As Collaborate 13 comes to an end, I have a chance to reflect on conversations and comments from the various Primavera sessions I attended. This is, by far, the most valuable part of attending these conferences for developers like myself. It gets you thinking in some new directions and, sometimes, refocuses you on old topics. My take-away is to look deeper at spreads as they related to operational reporting.
A quick primer on spreads. Spreads are the life-blood of P6. They are the details of how individual values (durrations, units, costs) on activities and assignments "bucket" over time. This is based on both the values in those records combined with related calendar information. Spreads may expand a single activity/assignment row into many buckets depending on the duration and the granularity of the spreads (weekly,daily,hourly).
Spreads for reporting have come a long way. Before the Enterprise Reporting Database (ERDB), access to spreads was limited to reports in P6 Windows Client. And this is only reporting on projects loaded into memory. A time consuming process that make reporting across multiple projects difficult or even impossible.
Beginning with the ERDB 2.0, we introduced stored spreads. This was a major leap in spread reporting. It set the standard format and field names for the spread tables: ACTIVITYSPREAD and RESOURCEASSIGNMENTSPREAD. Additionally, this established that we would store spreads at a daily granularity. This means, for any activity/assignment, there is one row in the corresponding table for each day in the duration. These spread tables are sparse. There are no rows for days without data such as weekends if no work is scheduled.
Data size becomes a concern with spreads. Now the number of spread rows is a function of both the number activity/assignment rows and their durations. To control size, spread data is always confined in a “window” of time. That is a minimum and maximum date for spread details (ex. 01-Jan-2010 to 31-Dec-2015). Spread buckets only exist between those dates and data before or after the dates are bucketed as an aggregate on those dates. Originally this was a fixed window. Today this is a rolling window with a fixed begin date and rolling future date; both of these configurable.
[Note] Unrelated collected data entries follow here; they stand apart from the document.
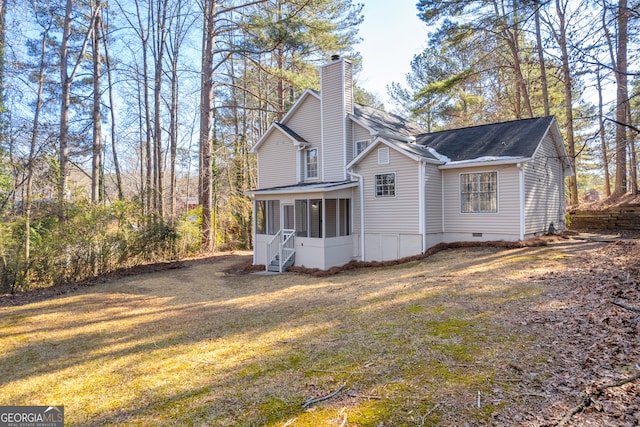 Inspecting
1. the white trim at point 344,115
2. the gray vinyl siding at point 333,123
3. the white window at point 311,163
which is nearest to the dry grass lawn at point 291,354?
the white trim at point 344,115

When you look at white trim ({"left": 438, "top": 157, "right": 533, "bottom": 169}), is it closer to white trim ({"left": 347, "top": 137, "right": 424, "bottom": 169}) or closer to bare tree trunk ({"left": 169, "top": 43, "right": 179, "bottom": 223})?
white trim ({"left": 347, "top": 137, "right": 424, "bottom": 169})

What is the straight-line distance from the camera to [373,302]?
7047mm

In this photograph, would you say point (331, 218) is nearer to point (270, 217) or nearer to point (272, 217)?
point (270, 217)

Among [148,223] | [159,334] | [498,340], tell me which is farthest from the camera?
[148,223]

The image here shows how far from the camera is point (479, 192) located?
12.9 m

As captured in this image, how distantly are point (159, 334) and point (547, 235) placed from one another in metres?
13.8

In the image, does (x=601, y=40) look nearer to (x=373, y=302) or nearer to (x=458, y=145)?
(x=373, y=302)

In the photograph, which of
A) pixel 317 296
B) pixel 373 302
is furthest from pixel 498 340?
pixel 317 296

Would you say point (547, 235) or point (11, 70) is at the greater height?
point (11, 70)

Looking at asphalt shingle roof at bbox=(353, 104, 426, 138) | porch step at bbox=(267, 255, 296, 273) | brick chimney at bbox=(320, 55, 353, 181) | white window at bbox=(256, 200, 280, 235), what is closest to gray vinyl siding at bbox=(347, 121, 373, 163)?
brick chimney at bbox=(320, 55, 353, 181)

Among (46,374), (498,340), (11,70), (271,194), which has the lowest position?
(46,374)

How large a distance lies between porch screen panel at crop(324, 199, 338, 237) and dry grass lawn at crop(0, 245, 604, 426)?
16.5 ft

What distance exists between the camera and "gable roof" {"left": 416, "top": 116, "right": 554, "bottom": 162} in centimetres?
1269

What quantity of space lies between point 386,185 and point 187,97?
1497 centimetres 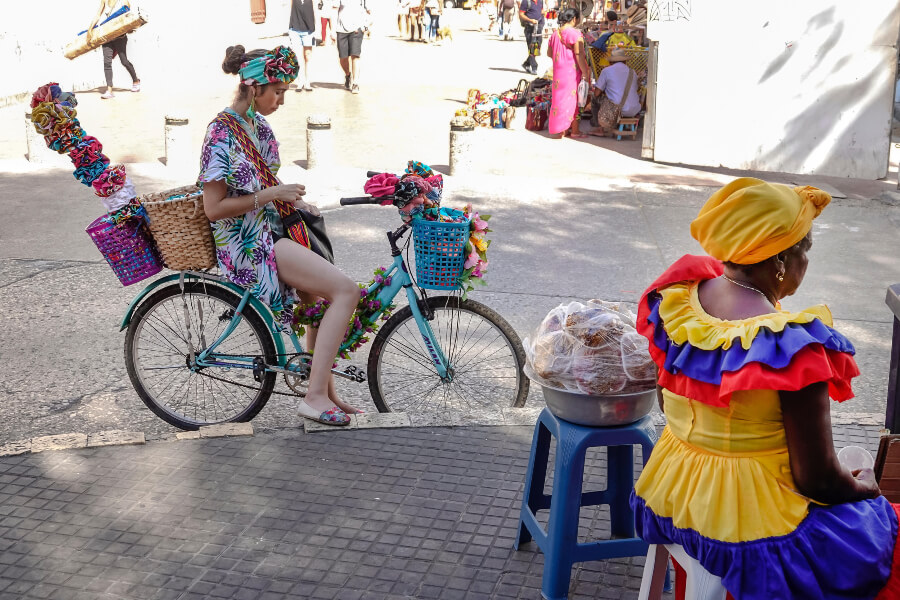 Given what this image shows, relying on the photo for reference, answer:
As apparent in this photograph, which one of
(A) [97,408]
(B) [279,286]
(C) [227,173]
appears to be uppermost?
(C) [227,173]

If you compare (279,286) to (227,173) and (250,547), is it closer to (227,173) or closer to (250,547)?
(227,173)

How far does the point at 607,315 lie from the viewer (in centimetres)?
337

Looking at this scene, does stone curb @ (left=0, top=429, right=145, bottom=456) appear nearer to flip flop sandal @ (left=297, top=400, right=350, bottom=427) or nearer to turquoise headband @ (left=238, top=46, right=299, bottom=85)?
flip flop sandal @ (left=297, top=400, right=350, bottom=427)

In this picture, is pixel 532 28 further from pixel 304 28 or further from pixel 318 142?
pixel 318 142

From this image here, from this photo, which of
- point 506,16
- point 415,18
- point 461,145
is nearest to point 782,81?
point 461,145

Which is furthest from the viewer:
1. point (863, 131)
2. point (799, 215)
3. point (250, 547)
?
point (863, 131)

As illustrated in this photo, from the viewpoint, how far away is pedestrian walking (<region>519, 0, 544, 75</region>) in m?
21.9

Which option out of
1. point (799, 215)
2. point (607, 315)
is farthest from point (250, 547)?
point (799, 215)

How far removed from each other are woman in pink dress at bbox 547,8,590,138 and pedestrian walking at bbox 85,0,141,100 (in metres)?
7.93

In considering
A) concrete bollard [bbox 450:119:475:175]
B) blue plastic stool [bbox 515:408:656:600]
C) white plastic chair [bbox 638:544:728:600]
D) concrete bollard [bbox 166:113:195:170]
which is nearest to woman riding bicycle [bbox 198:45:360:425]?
blue plastic stool [bbox 515:408:656:600]

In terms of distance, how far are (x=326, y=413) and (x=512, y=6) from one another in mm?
26764

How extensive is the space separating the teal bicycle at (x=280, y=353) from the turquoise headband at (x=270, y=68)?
2.16ft

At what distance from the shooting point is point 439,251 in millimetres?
4414

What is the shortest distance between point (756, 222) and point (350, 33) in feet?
52.8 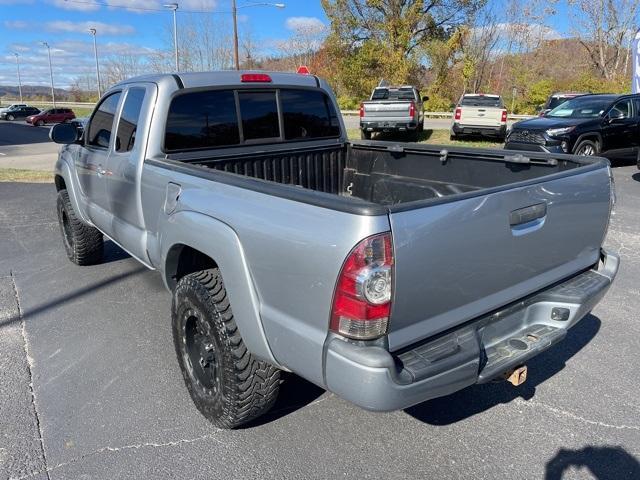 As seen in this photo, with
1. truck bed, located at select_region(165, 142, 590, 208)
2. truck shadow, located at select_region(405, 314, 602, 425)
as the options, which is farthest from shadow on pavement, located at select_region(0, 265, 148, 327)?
truck shadow, located at select_region(405, 314, 602, 425)

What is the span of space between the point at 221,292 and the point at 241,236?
1.51 feet

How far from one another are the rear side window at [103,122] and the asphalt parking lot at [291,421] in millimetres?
1485

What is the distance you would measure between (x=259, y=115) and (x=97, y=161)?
55.0 inches

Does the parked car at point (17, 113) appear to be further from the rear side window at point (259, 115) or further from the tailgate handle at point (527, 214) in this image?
the tailgate handle at point (527, 214)

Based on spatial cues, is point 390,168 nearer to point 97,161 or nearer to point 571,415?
point 571,415

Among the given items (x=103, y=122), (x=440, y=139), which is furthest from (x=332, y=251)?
(x=440, y=139)

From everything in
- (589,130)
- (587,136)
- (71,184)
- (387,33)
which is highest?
(387,33)

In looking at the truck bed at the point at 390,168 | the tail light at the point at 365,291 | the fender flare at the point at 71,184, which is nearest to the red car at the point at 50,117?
the fender flare at the point at 71,184

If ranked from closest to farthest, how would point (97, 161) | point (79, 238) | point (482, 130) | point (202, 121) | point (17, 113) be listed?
point (202, 121) < point (97, 161) < point (79, 238) < point (482, 130) < point (17, 113)

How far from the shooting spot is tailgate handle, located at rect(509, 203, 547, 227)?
7.91ft

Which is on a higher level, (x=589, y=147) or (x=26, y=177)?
(x=589, y=147)

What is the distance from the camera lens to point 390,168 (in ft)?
14.3

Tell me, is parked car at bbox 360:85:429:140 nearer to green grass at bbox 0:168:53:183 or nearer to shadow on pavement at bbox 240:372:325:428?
green grass at bbox 0:168:53:183

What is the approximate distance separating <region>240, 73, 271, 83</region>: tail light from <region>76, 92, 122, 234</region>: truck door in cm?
103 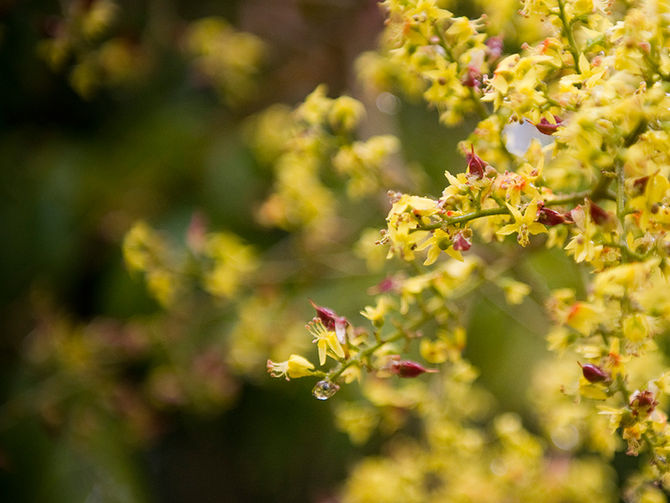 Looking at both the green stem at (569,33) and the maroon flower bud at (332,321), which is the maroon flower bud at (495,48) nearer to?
the green stem at (569,33)

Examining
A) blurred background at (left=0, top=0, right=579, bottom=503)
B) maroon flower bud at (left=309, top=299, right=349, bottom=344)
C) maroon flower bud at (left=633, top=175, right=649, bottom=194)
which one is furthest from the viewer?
blurred background at (left=0, top=0, right=579, bottom=503)

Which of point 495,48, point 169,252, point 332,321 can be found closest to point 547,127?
point 495,48

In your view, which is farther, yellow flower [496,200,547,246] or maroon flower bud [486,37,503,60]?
maroon flower bud [486,37,503,60]

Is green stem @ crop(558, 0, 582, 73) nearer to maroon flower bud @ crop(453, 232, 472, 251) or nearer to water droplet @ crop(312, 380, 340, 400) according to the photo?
maroon flower bud @ crop(453, 232, 472, 251)

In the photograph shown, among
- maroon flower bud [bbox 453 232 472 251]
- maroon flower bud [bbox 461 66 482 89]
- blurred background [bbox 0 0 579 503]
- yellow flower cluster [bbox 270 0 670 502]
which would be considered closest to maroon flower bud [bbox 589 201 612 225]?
yellow flower cluster [bbox 270 0 670 502]

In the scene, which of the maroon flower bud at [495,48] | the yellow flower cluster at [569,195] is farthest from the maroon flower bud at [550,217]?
the maroon flower bud at [495,48]

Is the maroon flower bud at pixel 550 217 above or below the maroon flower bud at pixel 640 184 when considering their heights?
below

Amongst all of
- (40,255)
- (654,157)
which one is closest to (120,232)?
(40,255)

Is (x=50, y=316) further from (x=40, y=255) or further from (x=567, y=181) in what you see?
(x=567, y=181)

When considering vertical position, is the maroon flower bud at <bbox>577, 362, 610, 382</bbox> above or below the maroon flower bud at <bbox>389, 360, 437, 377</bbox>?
above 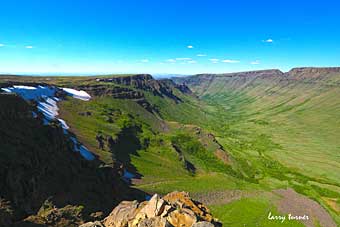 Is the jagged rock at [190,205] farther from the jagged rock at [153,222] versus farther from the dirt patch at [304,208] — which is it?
the dirt patch at [304,208]

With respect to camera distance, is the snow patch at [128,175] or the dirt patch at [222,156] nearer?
the snow patch at [128,175]

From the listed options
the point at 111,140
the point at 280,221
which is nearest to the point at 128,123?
the point at 111,140

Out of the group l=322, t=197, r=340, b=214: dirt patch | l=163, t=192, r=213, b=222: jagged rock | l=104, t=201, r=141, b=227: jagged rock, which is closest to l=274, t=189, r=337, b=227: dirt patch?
l=322, t=197, r=340, b=214: dirt patch

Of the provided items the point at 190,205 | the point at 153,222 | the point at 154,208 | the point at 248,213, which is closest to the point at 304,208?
the point at 248,213

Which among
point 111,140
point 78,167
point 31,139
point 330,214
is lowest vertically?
point 330,214

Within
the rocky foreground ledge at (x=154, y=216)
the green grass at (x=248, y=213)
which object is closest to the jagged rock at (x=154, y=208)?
the rocky foreground ledge at (x=154, y=216)

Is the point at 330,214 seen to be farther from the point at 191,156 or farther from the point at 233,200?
the point at 191,156

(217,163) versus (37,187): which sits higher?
(37,187)

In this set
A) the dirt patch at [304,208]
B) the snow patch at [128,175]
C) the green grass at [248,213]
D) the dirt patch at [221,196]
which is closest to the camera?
the green grass at [248,213]

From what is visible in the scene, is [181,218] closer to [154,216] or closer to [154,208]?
[154,216] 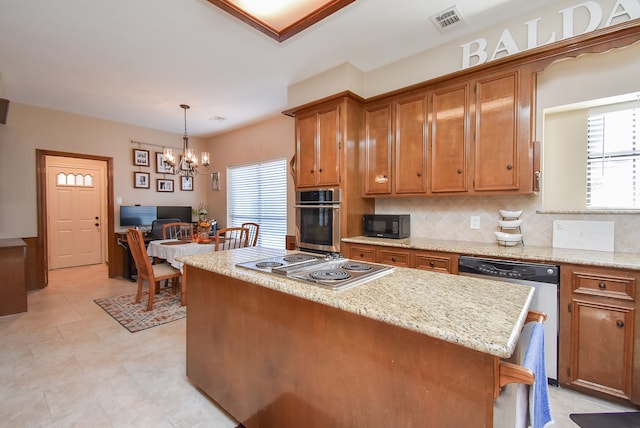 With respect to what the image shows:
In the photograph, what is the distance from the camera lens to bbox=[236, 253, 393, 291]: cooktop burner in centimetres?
120

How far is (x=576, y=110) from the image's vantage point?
2342 mm

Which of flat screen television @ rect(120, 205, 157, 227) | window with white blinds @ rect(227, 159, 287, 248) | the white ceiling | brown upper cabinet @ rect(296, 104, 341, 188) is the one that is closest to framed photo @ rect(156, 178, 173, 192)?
flat screen television @ rect(120, 205, 157, 227)

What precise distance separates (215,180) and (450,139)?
4943mm

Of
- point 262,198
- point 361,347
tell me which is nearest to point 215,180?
point 262,198

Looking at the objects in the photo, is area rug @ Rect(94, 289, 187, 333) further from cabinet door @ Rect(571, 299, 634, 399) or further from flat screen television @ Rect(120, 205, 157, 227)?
cabinet door @ Rect(571, 299, 634, 399)

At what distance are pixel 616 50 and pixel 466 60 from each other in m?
0.98

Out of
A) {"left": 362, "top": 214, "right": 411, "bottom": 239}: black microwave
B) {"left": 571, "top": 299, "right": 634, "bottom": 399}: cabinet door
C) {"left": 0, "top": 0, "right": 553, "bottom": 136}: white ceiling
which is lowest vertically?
{"left": 571, "top": 299, "right": 634, "bottom": 399}: cabinet door

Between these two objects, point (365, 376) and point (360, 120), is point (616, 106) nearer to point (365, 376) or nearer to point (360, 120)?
point (360, 120)

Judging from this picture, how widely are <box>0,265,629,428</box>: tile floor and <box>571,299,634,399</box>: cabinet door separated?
135 mm

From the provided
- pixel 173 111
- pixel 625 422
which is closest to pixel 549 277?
pixel 625 422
Since P6 v8.1, the spread data is also in OLTP (PM Schema) and available for operational reporting in BI Publisher. Spreads are calculated as part of normal Publish Project service. Now you have access spread data for reporting in real-time. This data is also serves as the foundation for all the P6 Analytics fact metrics.
And that brings me to thinking about the future of spreads in the operational system. I heard a lot of comments about “shift level” granularity and "hourly spreads"; something we don't do today. But I would ask you first to take a look at the existing spread data. You may find it covers many of your existing use cases.